The ability to predict when societies will replace one social norm for another can have significant implications for welfare, especially when norms are detrimental. A popular theory poses that the pressure to conform to social norms creates tipping thresholds which, once passed, propel societies toward an alternative state. Predicting when societies will reach a tipping threshold, however, has been a major challenge because of the lack of experimental data for evaluating competing models. We present evidence from a large-scale laboratory experiment designed to test the theoretical predictions of a threshold model for social tipping and norm change. In our setting, societal preferences change gradually, forcing individuals to weigh the benefit from deviating from the norm against the cost from not conforming to the behavior of others. We show that the model correctly predicts in 96% of instances when a society will succeed or fail to abandon a detrimental norm. Strikingly, we observe widespread persistence of detrimental norms even when individuals determine the cost for nonconformity themselves as they set the latter too high. Interventions that facilitate a common understanding of the benefits from change help most societies abandon detrimental norms. We also show that instigators of change tend to be more risk tolerant and to dislike conformity more.
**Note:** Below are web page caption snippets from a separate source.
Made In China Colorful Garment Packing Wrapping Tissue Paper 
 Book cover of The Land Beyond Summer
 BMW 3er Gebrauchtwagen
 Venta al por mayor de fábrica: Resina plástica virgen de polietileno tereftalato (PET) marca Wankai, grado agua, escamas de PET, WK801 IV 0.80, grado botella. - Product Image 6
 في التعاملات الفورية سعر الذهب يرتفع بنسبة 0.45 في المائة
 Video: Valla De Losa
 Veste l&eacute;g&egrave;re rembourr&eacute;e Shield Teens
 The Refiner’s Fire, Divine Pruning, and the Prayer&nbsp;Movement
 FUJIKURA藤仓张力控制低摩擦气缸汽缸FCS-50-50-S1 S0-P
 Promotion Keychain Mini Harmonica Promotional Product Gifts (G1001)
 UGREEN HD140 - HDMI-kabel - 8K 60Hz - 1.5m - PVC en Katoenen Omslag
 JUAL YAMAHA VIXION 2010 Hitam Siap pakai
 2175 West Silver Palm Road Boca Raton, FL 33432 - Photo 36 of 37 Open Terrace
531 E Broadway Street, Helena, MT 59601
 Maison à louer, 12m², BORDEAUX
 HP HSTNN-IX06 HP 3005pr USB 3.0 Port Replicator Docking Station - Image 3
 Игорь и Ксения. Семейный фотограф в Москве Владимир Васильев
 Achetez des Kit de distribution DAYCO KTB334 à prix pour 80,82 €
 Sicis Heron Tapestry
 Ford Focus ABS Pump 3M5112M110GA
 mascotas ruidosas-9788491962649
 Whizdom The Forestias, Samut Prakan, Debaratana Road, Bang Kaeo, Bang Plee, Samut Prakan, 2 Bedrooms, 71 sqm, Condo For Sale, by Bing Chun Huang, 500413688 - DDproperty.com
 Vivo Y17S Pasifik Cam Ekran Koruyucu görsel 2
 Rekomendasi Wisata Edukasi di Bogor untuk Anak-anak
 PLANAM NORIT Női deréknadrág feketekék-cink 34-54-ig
Our findings demonstrate the value of threshold models for understanding social tipping in a broad range of social settings and for designing policies to promote welfare.

Social norms are ubiquitous in human societies (1–4). By prescribing which behaviors should be rewarded and which should be punished, norms often serve the purpose of promoting welfare by discouraging harmful behaviors (e.g., smoking in public places) and encouraging beneficial ones (e.g., helping others in need). Sometimes, however, norms seem to have the opposite effect. Examples include discriminatory norms (1, 3), norms that curtail female labor force participation (5, 6), norms of personal revenge (7), and norms against same-sex marriage (8). This observation raises two critical questions: When do societies fail to abandon detrimental norms? How can policy increase the probability of abandoning them? The answers to these questions depend critically on understanding the nature of spontaneous social change, that is, change that occurs without external intervention.

A popular paradigm for modeling spontaneous change when behaviors are interdependent—as is the case when social norms exist—involves tipping points (8–16). The central idea is that social norms are backed by sanctions, which create pressure for individuals to conform to an established behavior (17–22). The pressure to conform is an essential ingredient for tipping points (13, 23). Many individuals prefer to conform if they expect others will do the same to avoid the sanctions, even if a norm change would be socially beneficial. If a critical number of individuals abandon the norm, however, the social incentives will reverse and propel rapid change toward an alternative state. From this perspective, the crucial question relating to norm change is the following: What is the critical number (or proportion) of individuals that must deviate from a norm before social incentives reverse? Put differently, when should we expect societies to reach this threshold spontaneously? The aim of this paper is to identify a theoretical model that can help answer this question.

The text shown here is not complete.